When I read that our speech topic is something we can choose I felt happy. I decided to choose something I really liked and already had knowledge of. In my head I thought, “Oh, this is going to be easy.”, but it wasn’t. Parts of the research were easy because I knew where to find the information but actually putting it on to my outline was hard. After turning in the outline and getting feedback I felt better, because I know what had to change on my speech. When speech day came I felt pretty confident because I had also practiced though out the week and got feedback from a friend. Even though I practiced and revised my outline though out the week, on the actual speech day I felt really nervous.
During the speech I felt nervous and thought I might forget parts of my speech, and I did. I looked at my not cards a few times to try and remind myself what I’m going to say next. When I was on my second body paragraph I saw the time card, panicked and thought I was running out of time so I skipped a whole section. Then at the end of the speech I remembered I had skipped a part of my main points and added it to the conclusion. I knew that I shouldn’t have done that but I ended up doing it anyway. If I had to do it over again I would organize my outline better and practice more. I found the researching easy but organizing the information is harder and to make it transition, so I plan to work on making my speech outline flow more smoothly.

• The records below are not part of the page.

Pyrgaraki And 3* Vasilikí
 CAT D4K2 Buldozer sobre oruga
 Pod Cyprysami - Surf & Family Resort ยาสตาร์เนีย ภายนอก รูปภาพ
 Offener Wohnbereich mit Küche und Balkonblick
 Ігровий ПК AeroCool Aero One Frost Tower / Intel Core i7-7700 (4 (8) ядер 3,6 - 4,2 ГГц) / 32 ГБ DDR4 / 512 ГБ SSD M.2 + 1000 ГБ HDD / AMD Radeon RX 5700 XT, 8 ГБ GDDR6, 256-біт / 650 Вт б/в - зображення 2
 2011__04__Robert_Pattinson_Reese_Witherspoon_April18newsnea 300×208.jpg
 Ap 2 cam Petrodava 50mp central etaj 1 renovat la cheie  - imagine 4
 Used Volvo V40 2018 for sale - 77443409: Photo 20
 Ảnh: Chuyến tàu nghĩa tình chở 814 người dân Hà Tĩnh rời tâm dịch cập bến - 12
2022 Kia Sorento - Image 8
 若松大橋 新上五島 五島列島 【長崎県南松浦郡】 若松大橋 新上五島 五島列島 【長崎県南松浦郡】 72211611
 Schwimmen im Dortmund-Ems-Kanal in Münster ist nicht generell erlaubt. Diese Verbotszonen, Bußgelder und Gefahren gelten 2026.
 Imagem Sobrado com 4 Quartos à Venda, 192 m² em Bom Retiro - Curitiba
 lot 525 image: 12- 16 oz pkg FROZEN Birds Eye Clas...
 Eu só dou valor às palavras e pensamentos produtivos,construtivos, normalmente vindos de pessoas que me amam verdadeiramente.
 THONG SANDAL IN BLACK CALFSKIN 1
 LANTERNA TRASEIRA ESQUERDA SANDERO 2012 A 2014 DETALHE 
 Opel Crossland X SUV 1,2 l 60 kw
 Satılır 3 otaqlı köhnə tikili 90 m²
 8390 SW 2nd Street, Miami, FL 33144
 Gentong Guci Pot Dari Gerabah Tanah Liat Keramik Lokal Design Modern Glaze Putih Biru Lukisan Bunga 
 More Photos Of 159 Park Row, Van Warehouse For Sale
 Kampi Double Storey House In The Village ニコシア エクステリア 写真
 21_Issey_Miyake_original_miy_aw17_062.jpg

In my video I noticed that I did held my note cards with both hands and let go one hand over and over, it was quite distracting. I also swung my arms back and forth like I didn’t care. When I was speaking, in my head I thought I projected normally and clearly, but when I got feedback from my peers most of them said speak louder and with more enthusiasms. In the video I could barely hear my own voice, it was really low and I had to be close to the screen in order to hear myself. On a scale of 1-10 I would rate my eye contact a 7. I felt that I made eye contact with everyone but I only glanced at some of them. During the speech I mentioned three citations.
The grade I would give myself would be C because I don’t think my speech went to smooth. Though out the week before the outline was due I had put it off and finished it near the end of the due date. I had the chance to fix it and I thought I felt better about it but only on the content I had. As for the speech itself, in the video I didn’t project myself very well. My voice was really soft, monotone and, I had no enthusiasm. I got through most of my main points but I didn’t do well projecting it.